Many Internet services are based on gathering data about users, and using that data for targeted advertisements. More data from more users makes it possible to run a service more accurately or with better results; here again scale brings advantages.

Another trend is that more and more content is becoming available locally, from a content delivery or provider function directly on one’s own ISP network. We predict that eventually most content will be delivered this way, reducing the role that global IP connectivity across the Internet plays. By some metrics this has already happened; what practical - positive or negative - impacts might this have on the Internet technology?

There are also security tradeoffs. Large entities are generally better equipped to move to more recent and more secure technology. For instance, the Domain Name System (DNS) shows signs of ageing but due to the legacy of deployed systems, has changed very slowly. Newer technology developed in accordance with IETF standards enables DNS queries to be performed confidentially, but its deployment is happening mostly in browsers that use global DNS resolver services, such as Cloudflare’s 1.1.1.1 or Google’s 8.8.8.8. This results in faster evolution and better security for end users.

However, if one steps back and considers the overall security effects of these developments, the resulting effects can be different. While the security of the actual protocol exchanges improves with the introduction of this new technology, at the same time this implies a move from using a worldwide distributed set of DNS resolvers into, again, more centralised global resolvers. While these resolvers are very well maintained (and a great service), they are potentially high-value targets for pervasive monitoring and Denial-of-Service (DoS) attacks. In 2016, for example, DoS attacks were launched against Dyn, one of the largest DNS providers, leading to some outages.

4. Call to Action

Are there assumptions about the Internet architecture that no longer hold in a world where larger, more centralised entities provide big parts of the Internet service? If the world changes, the Internet and its technology/architecture may have to match those changes.

It appears that leveling the playing field for new entrants or small players brings potential benefits. Are there technical solutions that are missing today?

Of course, it may well be that technology improvements are hard to come by. Nevertheless, recognizing the risks of consolidation in both current and proposed future technologies is the first step in proactively avoiding those risks where possible.

Assuming that one does not wish for regulation, technologies that support distributed architectures, open source implementations of currently centralised network functions, or helping increase users’ control can be beneficial. Federation, for example, would help enable distributed services in situations where smaller entities would like to collaborate.

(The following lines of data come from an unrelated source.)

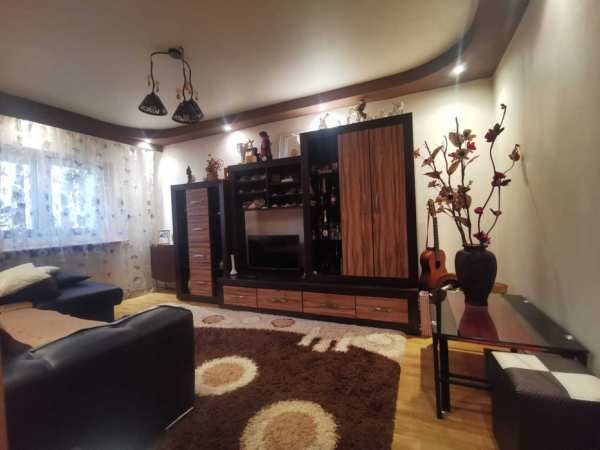 Vanzare Apartament 4 Camere - Targu Jiu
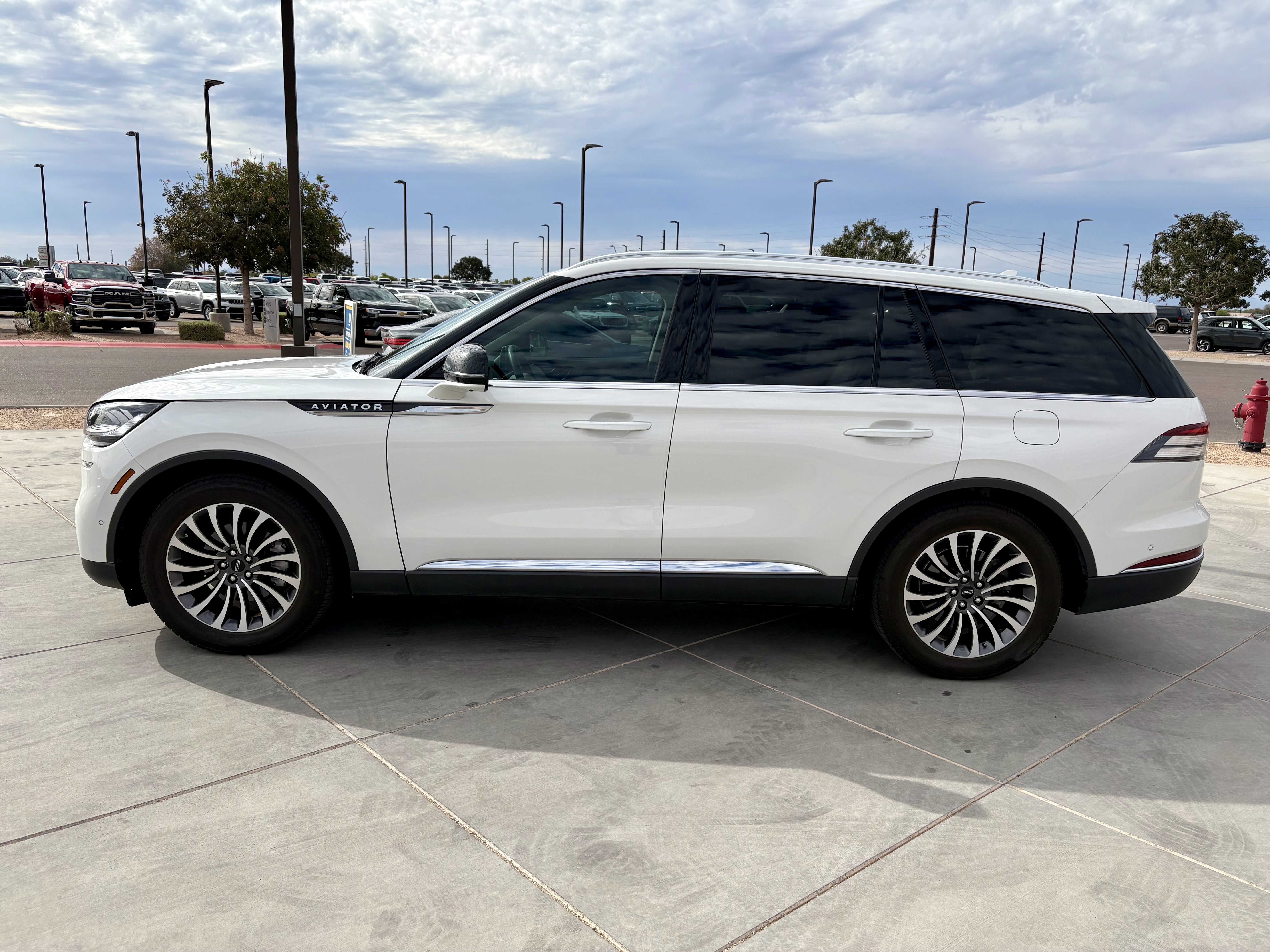 Used 2020 Lincoln Aviator Reserve w/ Equipment Group 201A image 2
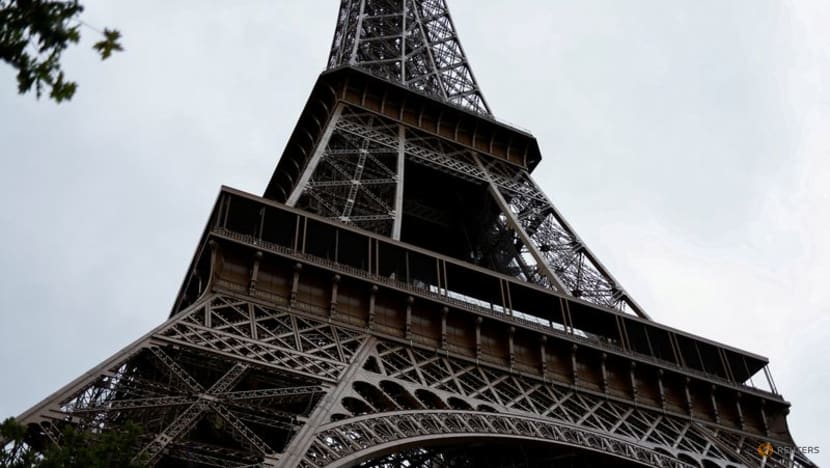 American tourists found drunk, sleeping atop Eiffel Tower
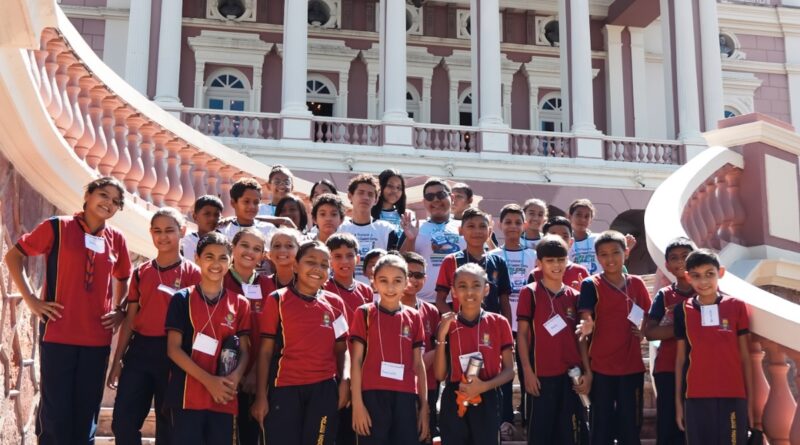 Recém-reconhecido como Patrimônio Mundial pela Unesco, Teatro Amazonas vira sala de aula para estudantes da rede pública de Manaus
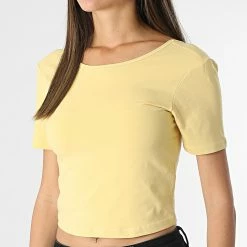 Acheter 🌟 Top Crop Femme Pure Life Jaune de Only 😉 -Promos Only Boutique only 288086 15234992 JOJOBA 20211014T161410 03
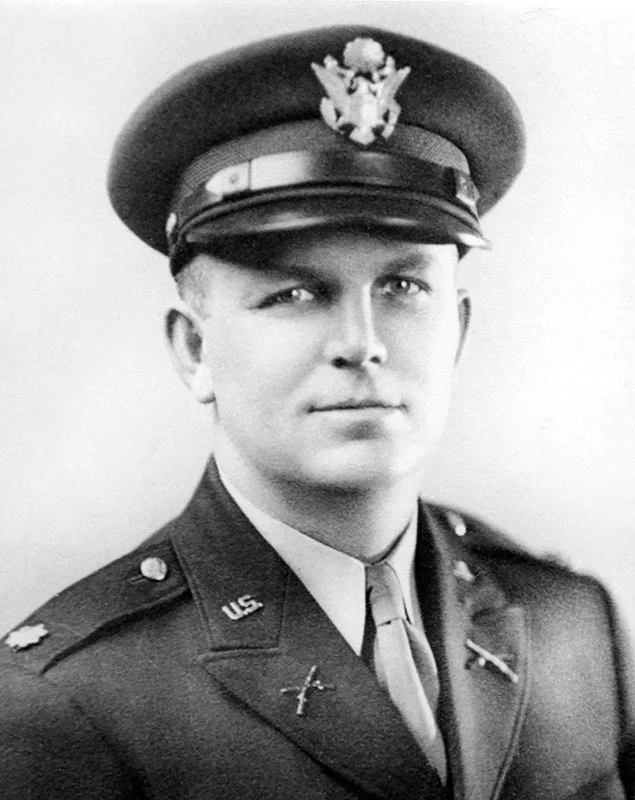 Portrett av James Earl Rudder i uniform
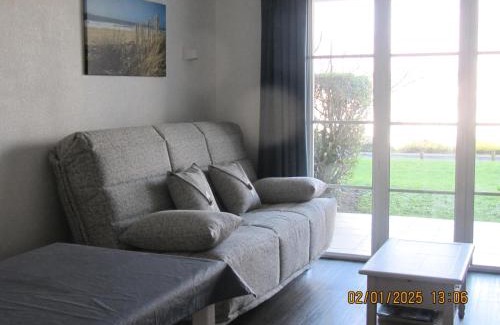 Arzon Apartment | Discover Port du Crouesty Cap'Océan with Pool & Pet Friendly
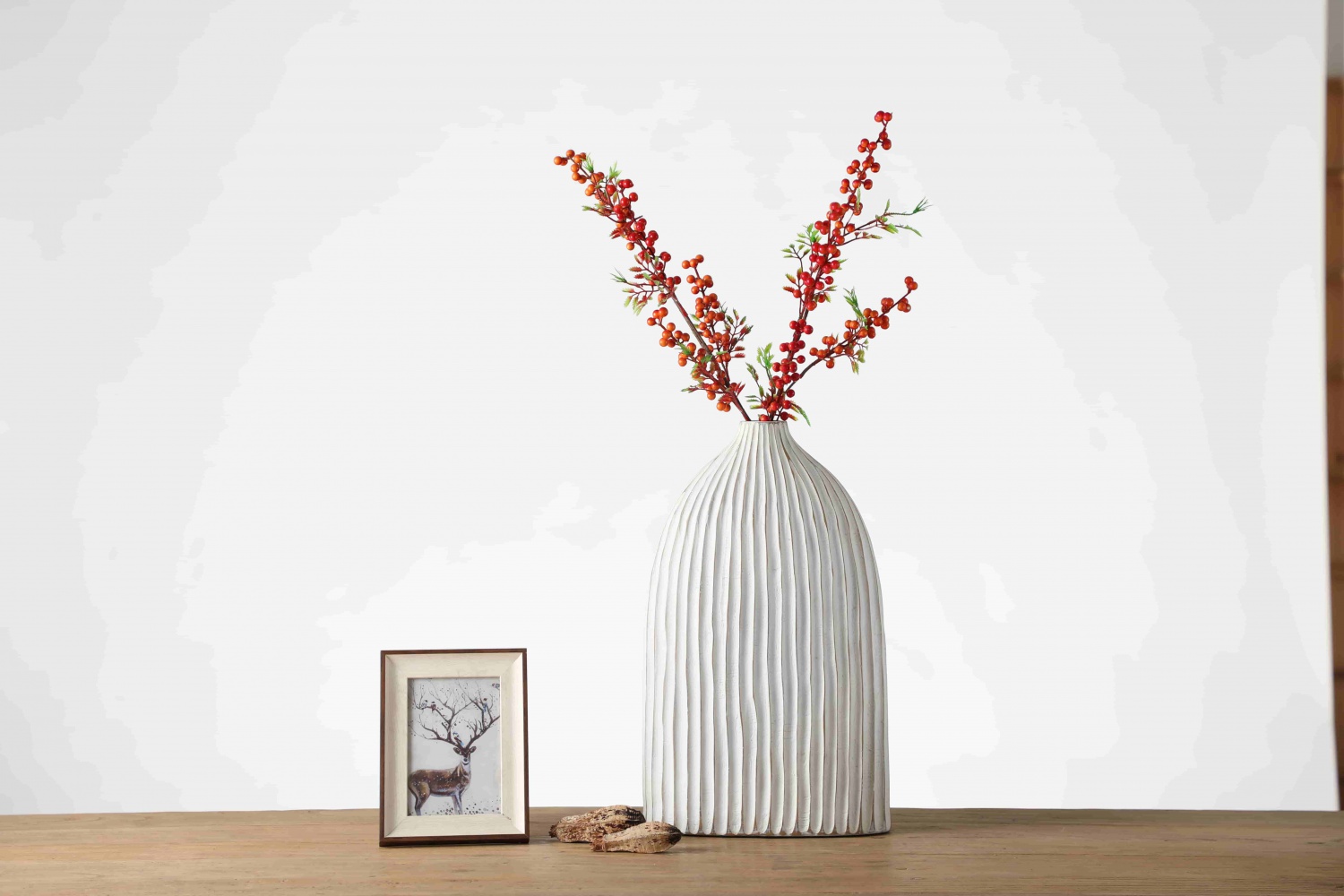 Minimalist House Decoration Embossed Resin White Vase Home Decor Floor Vase For Home Decorative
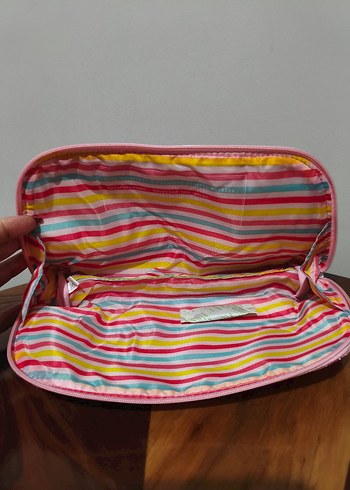 Benefit Desenli Kadın Makyaj Çantası - Görsel 6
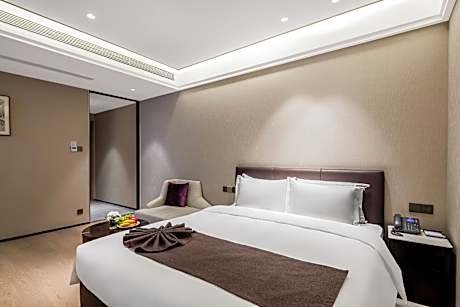 Rezen - Superior 1 Bed Room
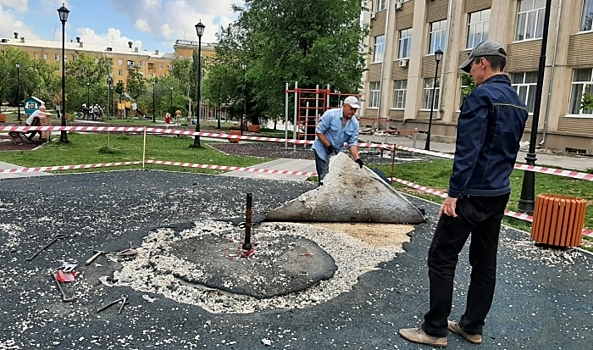 Рядом с ДК на севере Волгограда меняют поврежденное вандалами покрытие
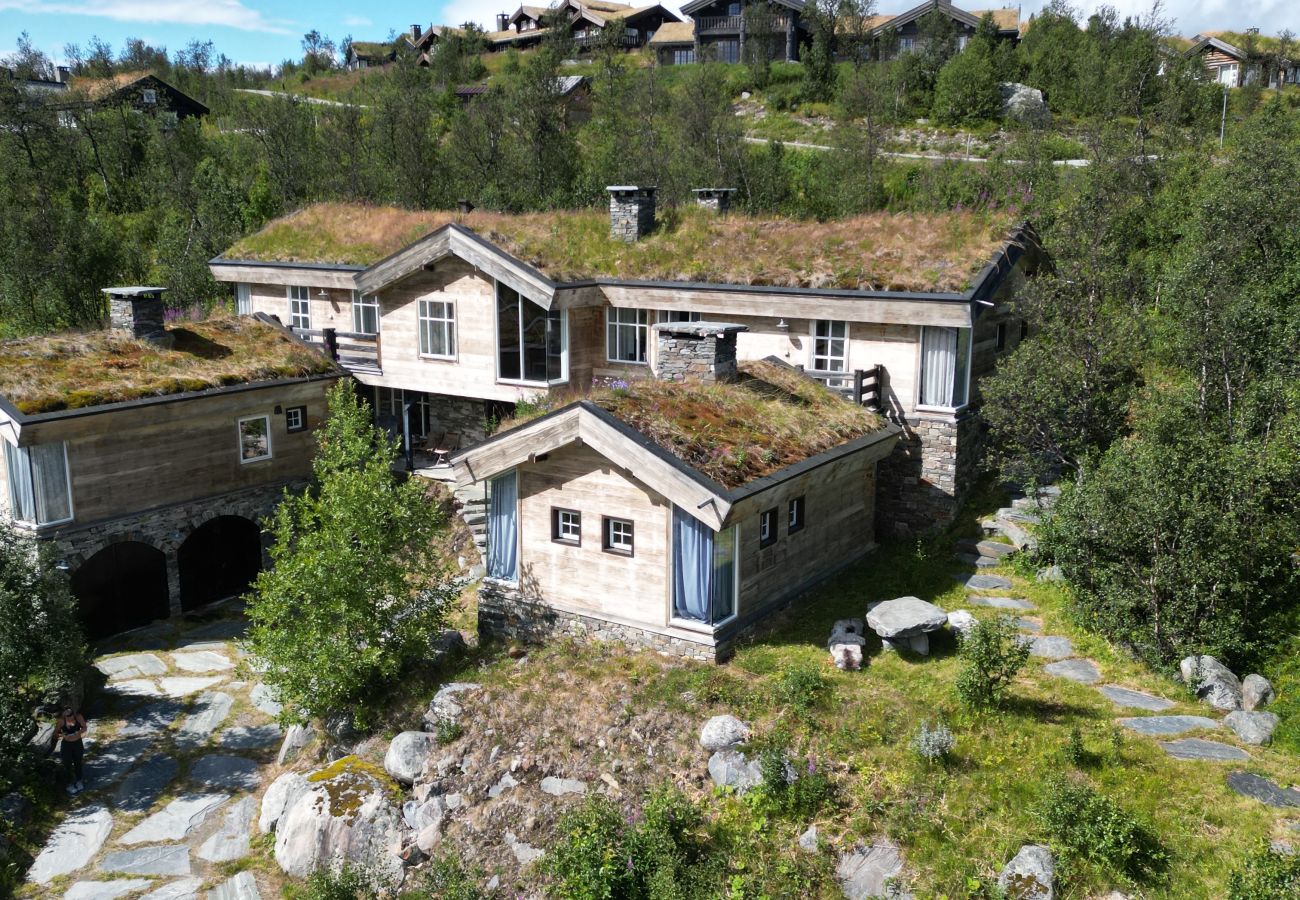 Cottage in Hol - Unique Cabin Right by the Ski Slopes in Geilo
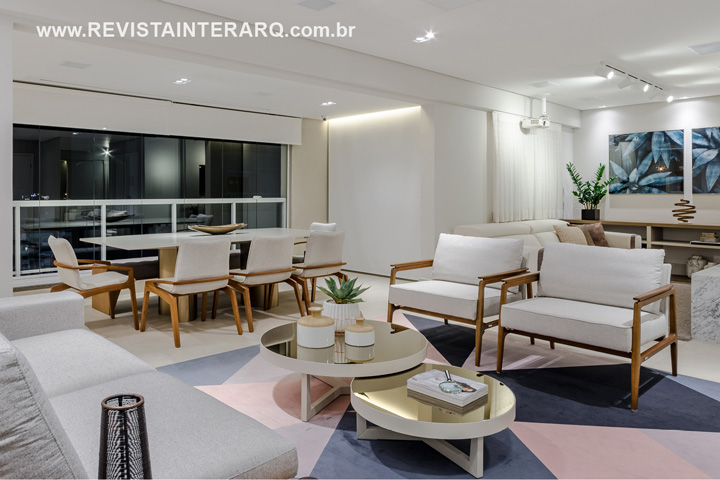 Para trazer um ar moderno ao apartamento, o arquiteto Fernando Manzoni apostou na automatização e no uso de revestimentos 3D - Revista InterArq | Arquitetura, Decoração, Design, Paisagismo e Lifestyle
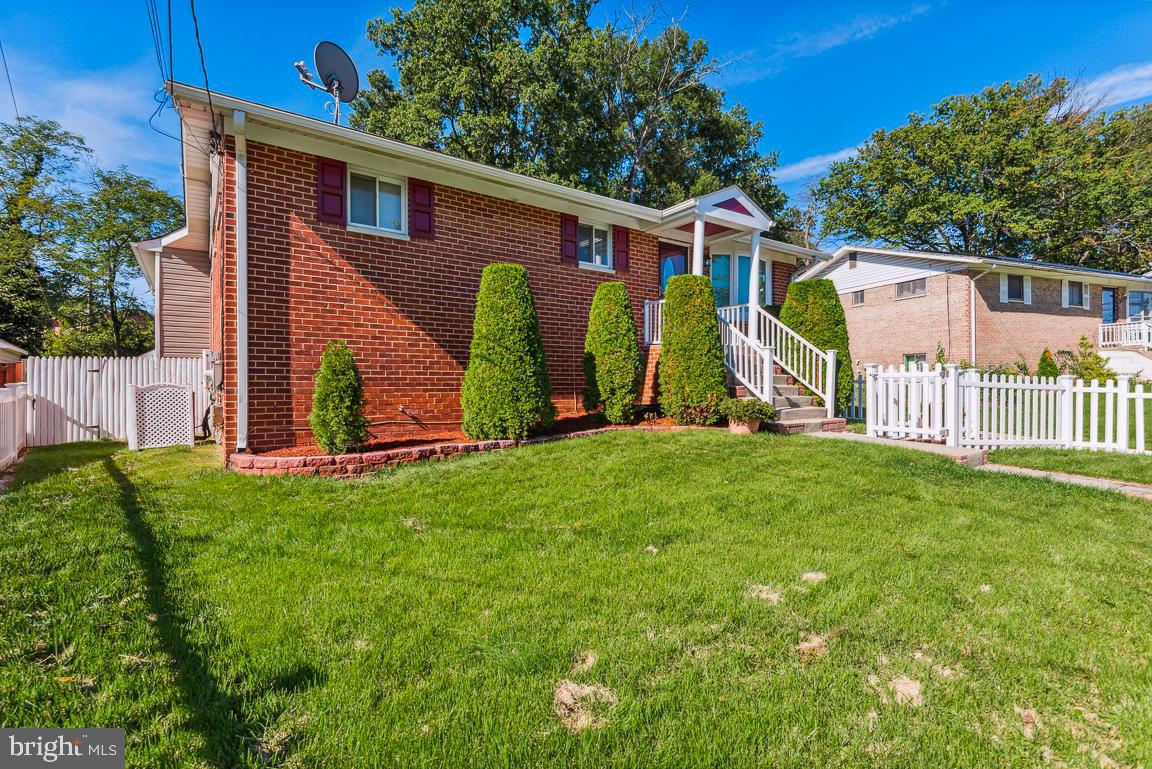 14016 Adkins Road Laurel, MD 20708 - Photo 2 of 54 Mature Landscaping
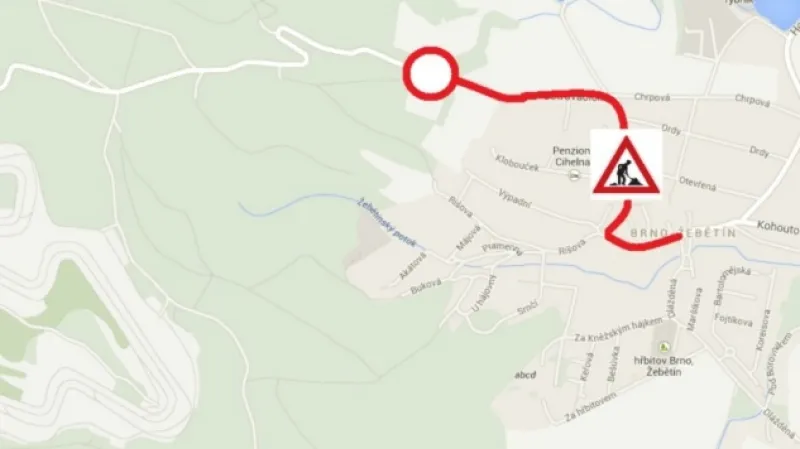 Příjezd po silnici III/3842 od Žebětína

Similarly, in an asymmetric power balance between users and services, tools that enable the user to control what information is provided to a particular service can be very helpful. Some such tools exist, for instance, in the privacy and prevention-tracking modes of popular browsers, but why are these modes not the default, and could we develop them further?

It is also surprising that in the age of software-defined everything, we can program almost anything else except the globally provided, packaged services. Opening up interfaces would allow the building of additional, innovative services, and better match users’ needs.

Silver bullets are rare, of course. Internet service markets sometimes fragment rather than cooperate through federation. And the asymmetric power balances are easiest changed with data that is user-controlled, but it is much harder to change when someone else holds it. Nevertheless, the exploration of solutions to ensure the Internet is kept open for new innovations and in the control of users is very important.

4.1. Open Interfaces

Standards and open source efforts continue to build many open interfaces and APIs that allow systems interoperability and tailoring of services. In some cases, however, the availability of open interfaces definitions and software has not led to the realization of actual interfaces in this open manner. For instance, different instant messaging systems have had a technical ability to be interoperable with other systems, just like e-mail is interoperable across systems, but have chosen to be disconnected.

Work in determining what open interfaces can provide benefits to users as well be successfully deployed in the Internet ecosystem would of course be useful.

4.2. Specific Standardization Choices

Sometimes the issue is not the availability of interfaces as such, but rather fundamental architectural choices with regards to how Internet systems should be built.

Often this relates to how centralized or distributed deployments are targeted. And even if a distributed, broad deployment model is targeted, expectations may not match reality when economies of scale, DDoS resilience, market consolidation, or other factors have come into play. These factors can result in the deployed reality being highly concentrated.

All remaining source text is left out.